Exercise details: Could you reproduce all the entries under this sentence exactly, leaving the images aside?

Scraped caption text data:
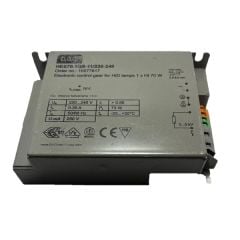 Bag 70W Elektrik Metal Halide Balastı
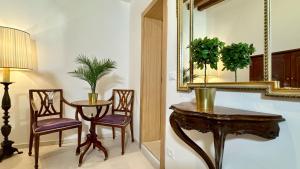 Apartment San Marco Rasse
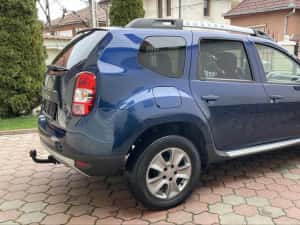 Dacia Duster 1.5dci,2017,euro6*Garantie*Rate* — miniatura 4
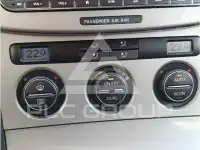 2007 Volkswagen Passat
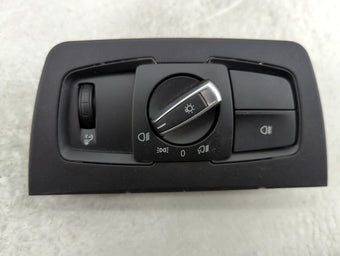 compare product 2019 Bmw 430i Headlight Lamp Control Switch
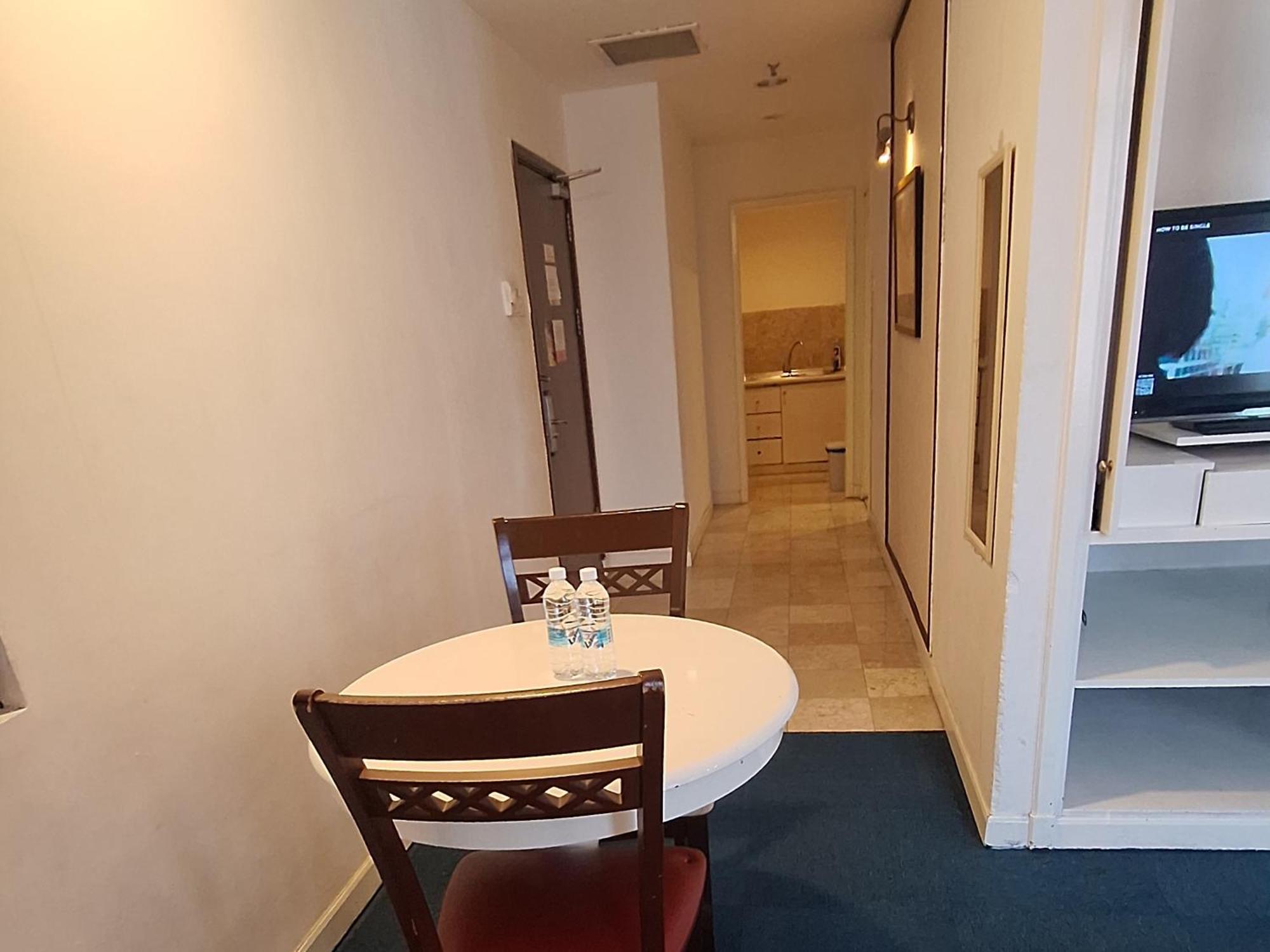 Time Square Luxury Suites, Kuala Lumpur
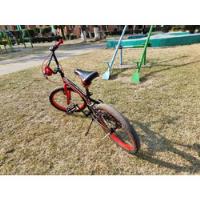 Bicicleta Benotto Para Niño Usada! segunda mano   México 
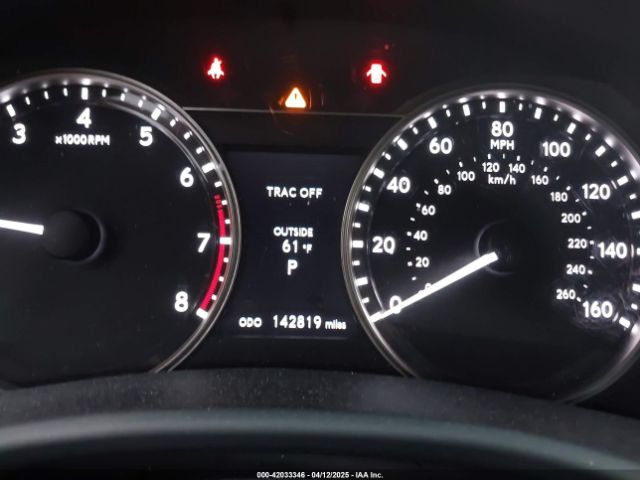 JTHBE1BL7FA010615 Lexus GS 350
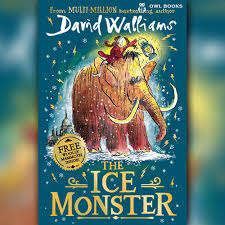 \Ice Monster - N"
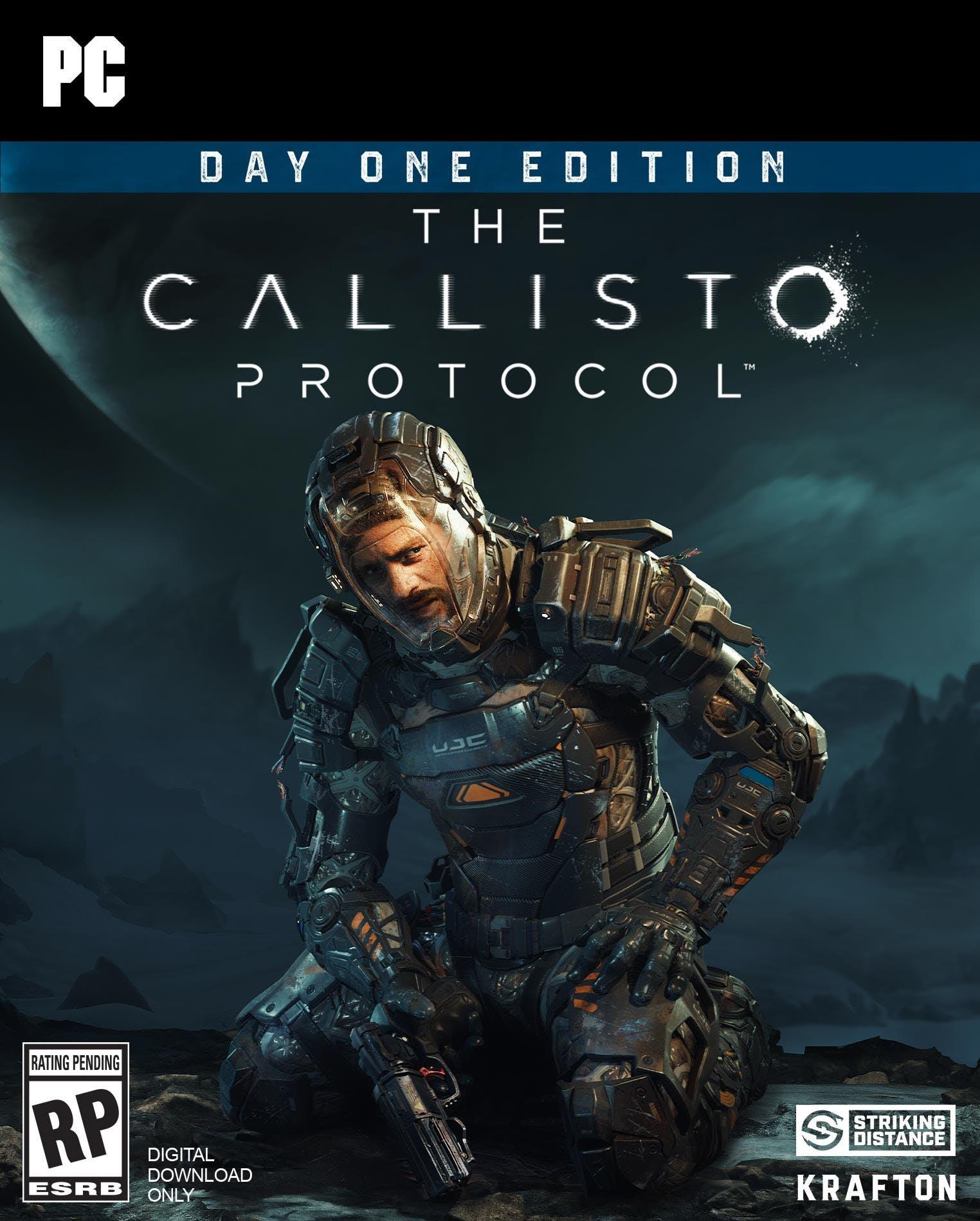 metacritic on X: The Callisto Protocol [PS5 - 76]   The Callisto Protocol gave me nightmares. It's the best horror game of the  year, and a bright new contender in the survival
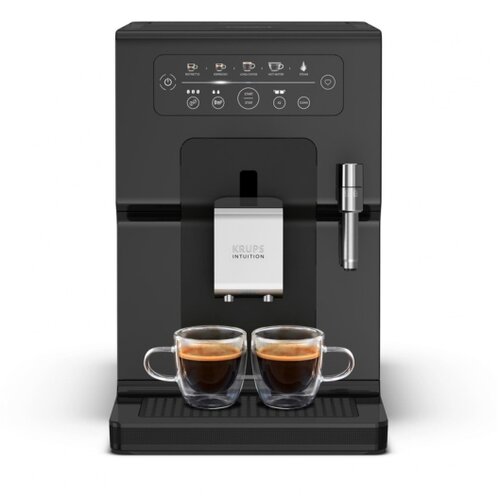 Krups esspreso kafe aparat Intuition Essential, potpuno automatski aparat Cijene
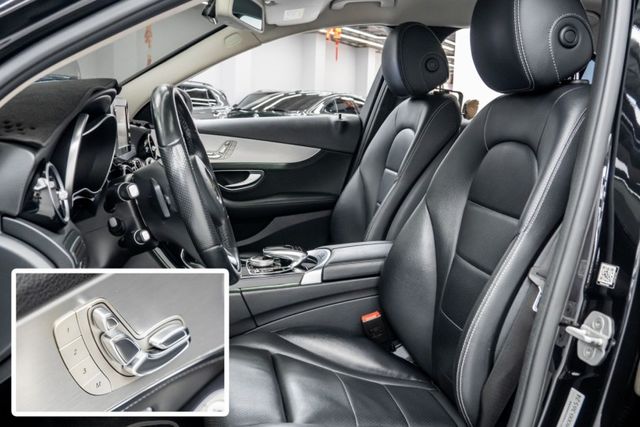 近兩年完整保養紀錄｜加裝氣氛燈｜雙記憶座椅｜前後雷達｜倒車顯影｜電動方向盤調整｜自動停車｜換檔撥片｜免鑰啟閉｜定速＆限速  第13張相片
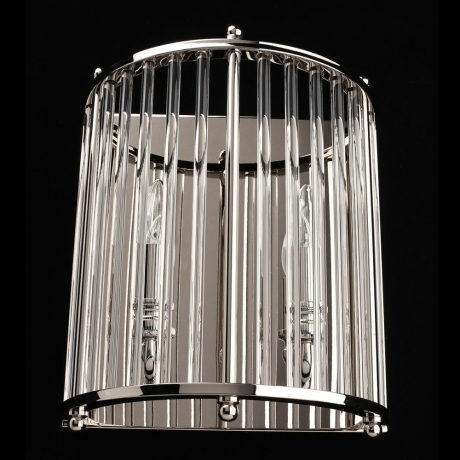 Светильник настенный с лампочками APLOYT APL.726.01.02+Lamps 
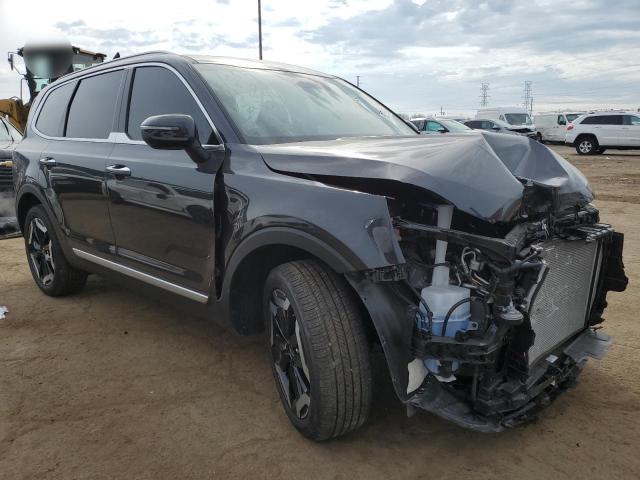 Vin: 5xyp64gcxsg592508, lot: 54025925, kia telluride s 20254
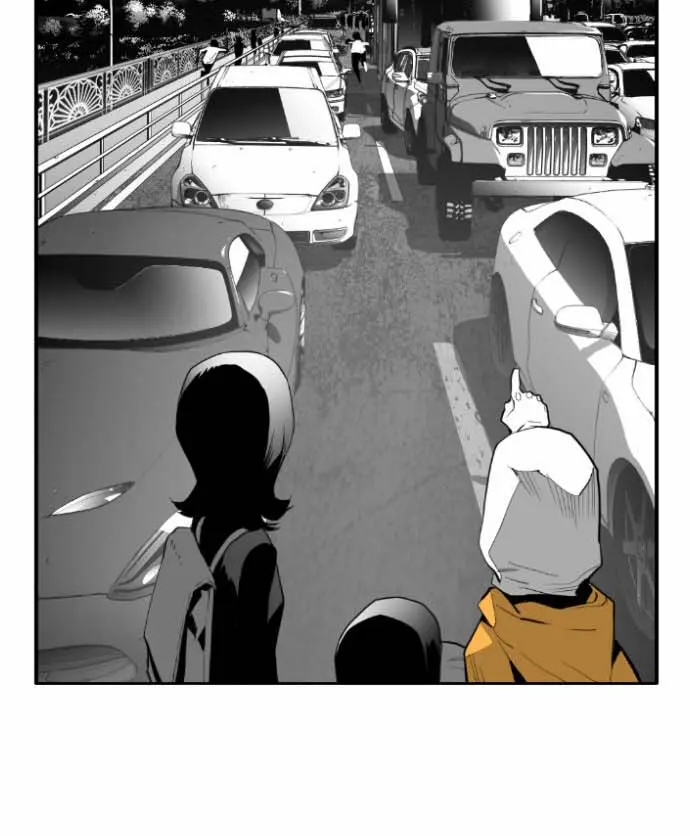 Terror Man Chapter 7 Page 63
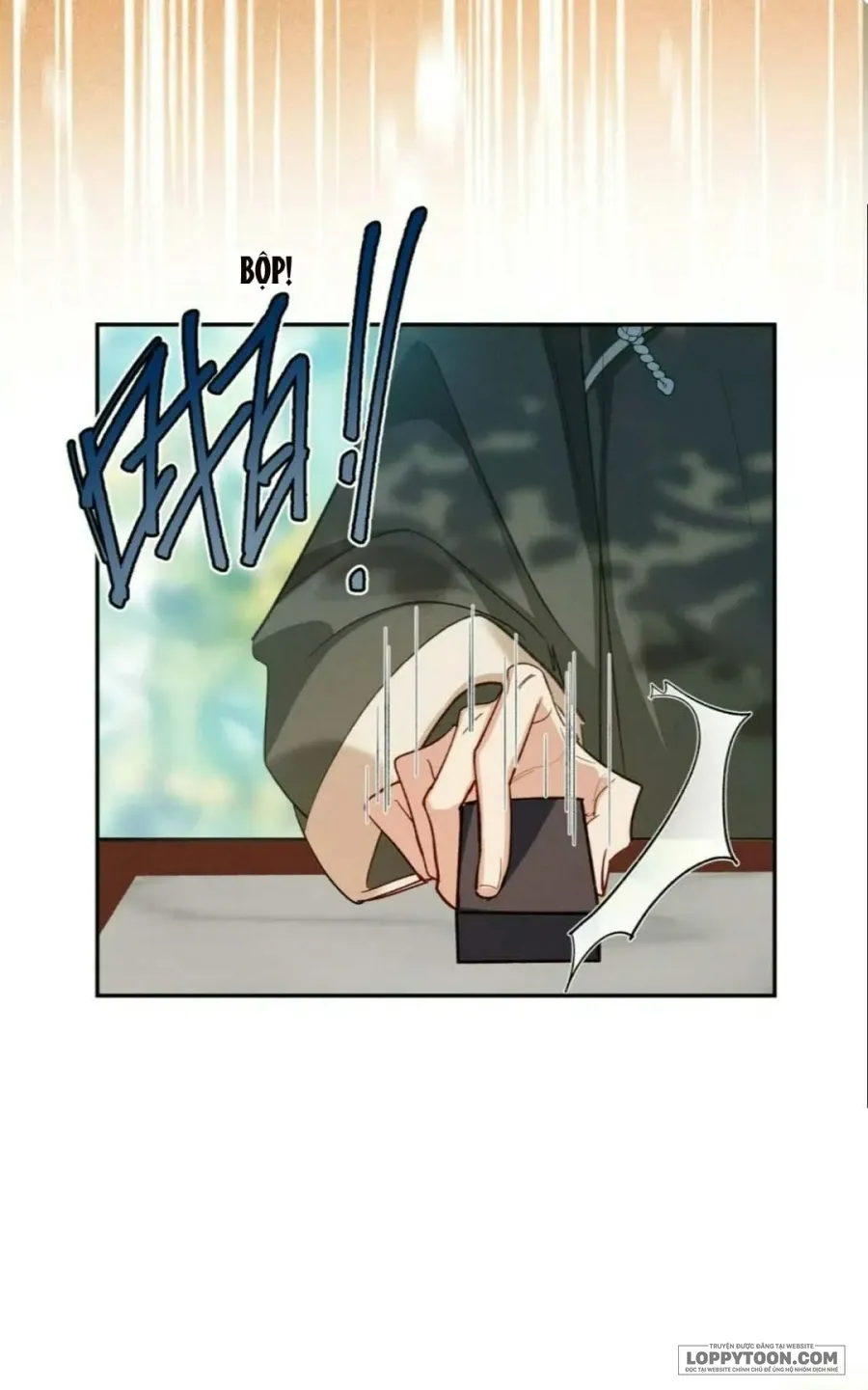 Dâng Cá Muối Cho Sư Tổ - Chap 23 - Trang 32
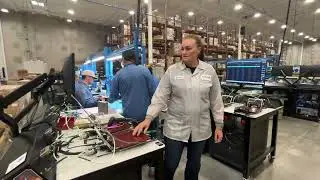 Southern Utah emerges as a premier tech destination with Wilson Connectivity expansion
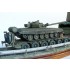 1/35 P 50N Trailer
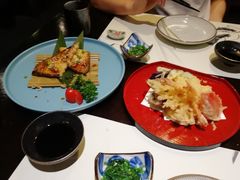 -松临·铁板烧&Omakase(神农店)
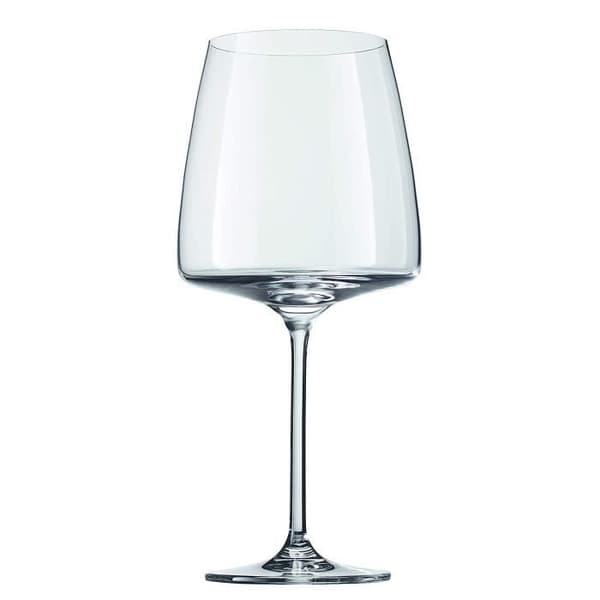 Vinklar - Schott Zwiesel - Sensa - Förpackning om 6 - Kapacitet 0,71 l - Transparent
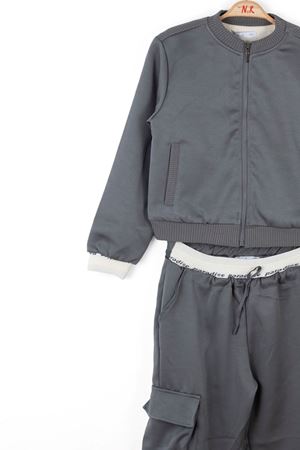 NK-17800 RICH TAKIM 10/16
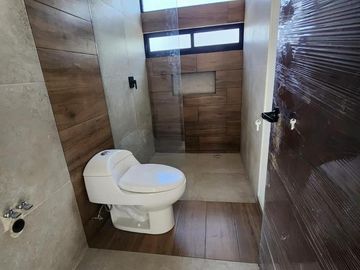 Preventa de casas con tres recamaras en San Matías, Tlaxcala.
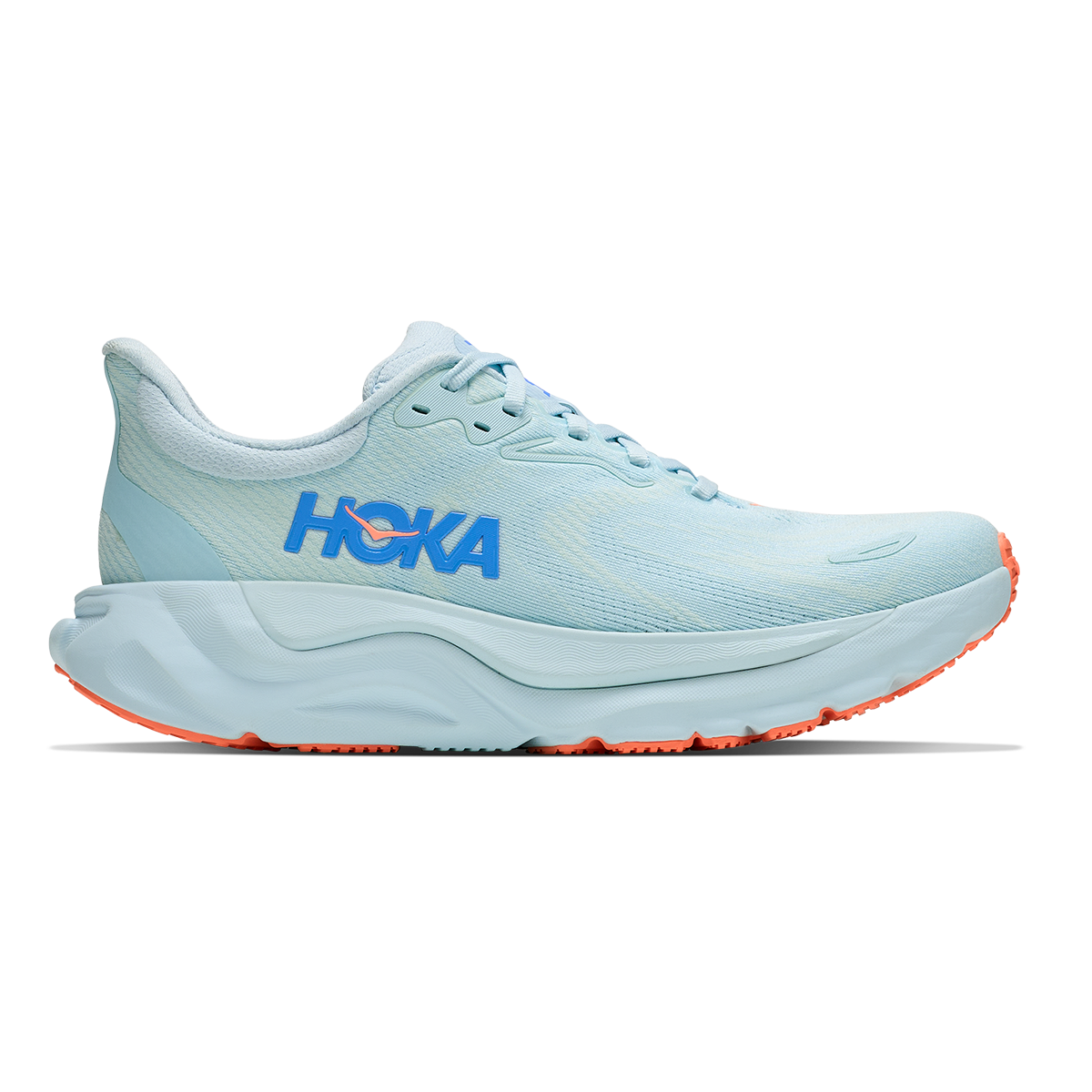 Hoka Arahi 8 — Black - Black — Size B — Width 5.5 — Alternate View 65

Response area:
 Bag 70W Elektrik Metal Halide Balastı
 Apartment San Marco Rasse
 Dacia Duster 1.5dci,2017,euro6*Garantie*Rate* — miniatura 4
 2007 Volkswagen Passat
 compare product 2019 Bmw 430i Headlight Lamp Control Switch
 Time Square Luxury Suites, Kuala Lumpur
 Bicicleta Benotto Para Niño Usada! segunda mano   México 
 JTHBE1BL7FA010615 Lexus GS 350
 \Ice Monster - N"
 metacritic on X: The Callisto Protocol [PS5 - 76]   The Callisto Protocol gave me nightmares. It's the best horror game of the  year, and a bright new contender in the survival
 Krups esspreso kafe aparat Intuition Essential, potpuno automatski aparat Cijene
 近兩年完整保養紀錄｜加裝氣氛燈｜雙記憶座椅｜前後雷達｜倒車顯影｜電動方向盤調整｜自動停車｜換檔撥片｜免鑰啟閉｜定速＆限速  第13張相片
 Светильник настенный с лампочками APLOYT APL.726.01.02+Lamps 
 Vin: 5xyp64gcxsg592508, lot: 54025925, kia telluride s 20254
 Terror Man Chapter 7 Page 63
 Dâng Cá Muối Cho Sư Tổ - Chap 23 - Trang 32
 Southern Utah emerges as a premier tech destination with Wilson Connectivity expansion
 1/35 P 50N Trailer
 -松临·铁板烧&Omakase(神农店)
 Vinklar - Schott Zwiesel - Sensa - Förpackning om 6 - Kapacitet 0,71 l - Transparent
 NK-17800 RICH TAKIM 10/16
 Preventa de casas con tres recamaras en San Matías, Tlaxcala.
 Hoka Arahi 8 — Black - Black — Size B — Width 5.5 — Alternate View 65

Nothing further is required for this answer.